Your small business has finally grown to the point at which you are ready to bring on employees. In so doing, you have been considering offering benefits. You know how important benefits are to recruiting and retention. You also know that a good package could prove invaluable to your employees.

Looking into benefits can be a scary proposition. There is a lot to learn. In fact, the learning curve is pretty steep for business owners who have never dealt with things like health insurance and retirement plans before. If this sounds like you, here are some things to think about as you prepare for that first benefits package:

Affordable Care Act Mandates

The Affordable Care Act (ACA) is now more than a decade old. It was enacted under the Obama administration way back in 2010. The most important thing to know is that the ACA requires most employers in the U.S. to offer some sort of health plan with minimum essential coverage (MEC).

This does not necessarily mean you will need a health plan is place as soon as you start hiring. Nonetheless, you should look into the employer mandate and its requirements. If you do have to start offering MEC right away, you have plenty of options.

Insurance Isn’t the Only Way

Group health insurance is not the only way to satisfy the ACA’s employer mandate for MEC. You can also choose a self-funded or level-funded plan. Both types of plans can be administered in-house or left to third-party administrators (TPAs).

According to StarMed, a TPA based in Las Vegas, self-funded health plans are low-cost alternatives to traditional insurance. They are funded entirely by employers and their employees. A level-funded plan is a type of self-funded plan that offers more stability and reliability by tying claim payments to an insurance carrier.
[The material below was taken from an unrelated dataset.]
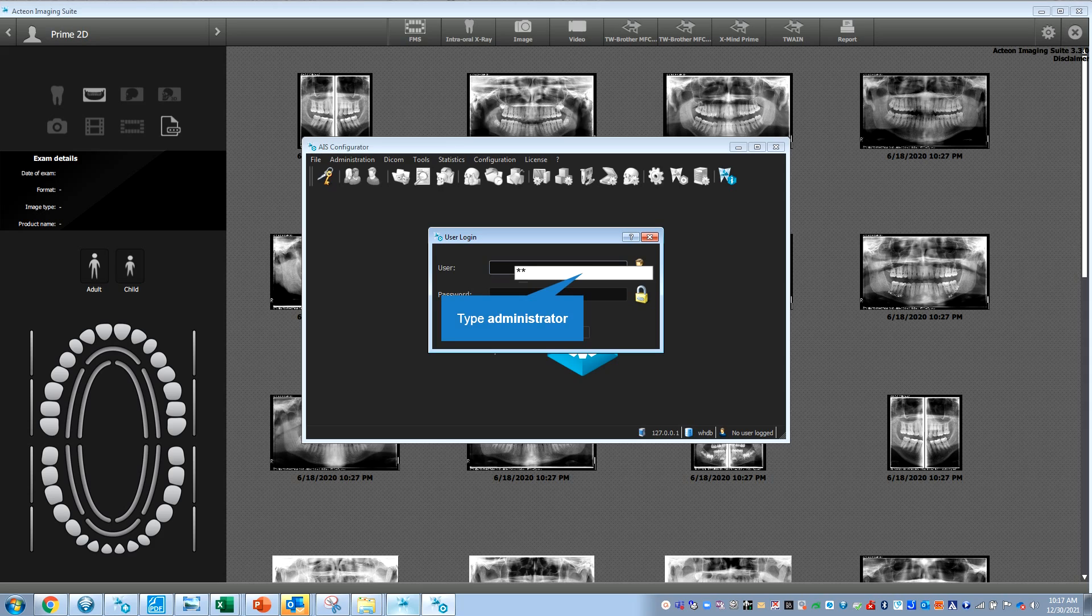The username is always administrator. The password default is either password1 or password2 with an exclamation point and a capital P.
Health Plans Are Considered the Bare Minimum

You should also know that, as far as employees are concerned, health plans are considered the bare minimum. Today’s employees have a reasonable expectation that they will have access to some sort of employer-sponsored plan. As such, it is nearly impossible to build a competitive benefits package if a health plan isn’t included.
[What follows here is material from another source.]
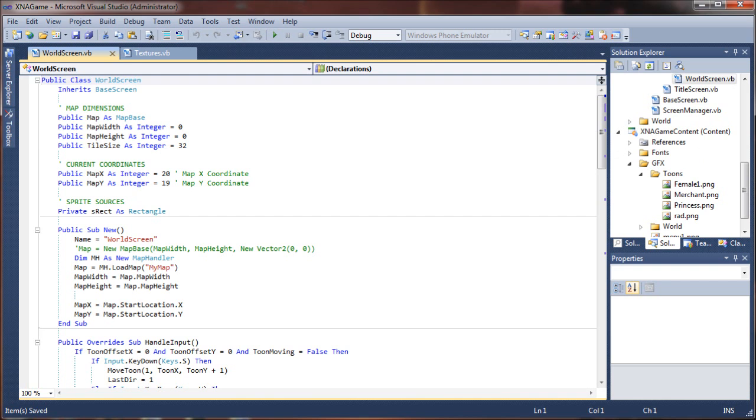Next step is going to be actually creating our NPC class.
The obvious exception here is coverage for part-time or minimum-wage workers. Neither type of worker necessarily expects MEC-qualifying plans. If you can offer one, great. But if not, it probably won’t affect your ability to hire and retain part-time and minimum-wage workers.

Retirement Plans Are a Big Plus

It is not unusual for an entry-level benefits package to combine both a health plan and a retirement plan option. Retirement plans in this day and age are pretty much 401(k) plans. Employers contribute a certain amount, usually as a matching amount based on a predetermined ratio. Employees contribute through payroll deductions.

Voluntary Benefits Are More Important These Days

A typical employer benefits package offers both a health plan and a retirement option. Anything above and beyond is considered an extra. Note that these extra benefits are classified as voluntary benefits for the simple fact that employees can choose to participate on an as-needed basis.

Voluntary benefits are cost-effective because you can share the cost with your employees or put it all on them. This means you can offer a basket of voluntary benefits without putting a big dent in the budget.

You have a lot to think about as you prepare for that first benefits package. Don’t go it alone. Hook up with a benefits broker, consultant, or third-party administrator who can help you create and administer the best possible package for your employees.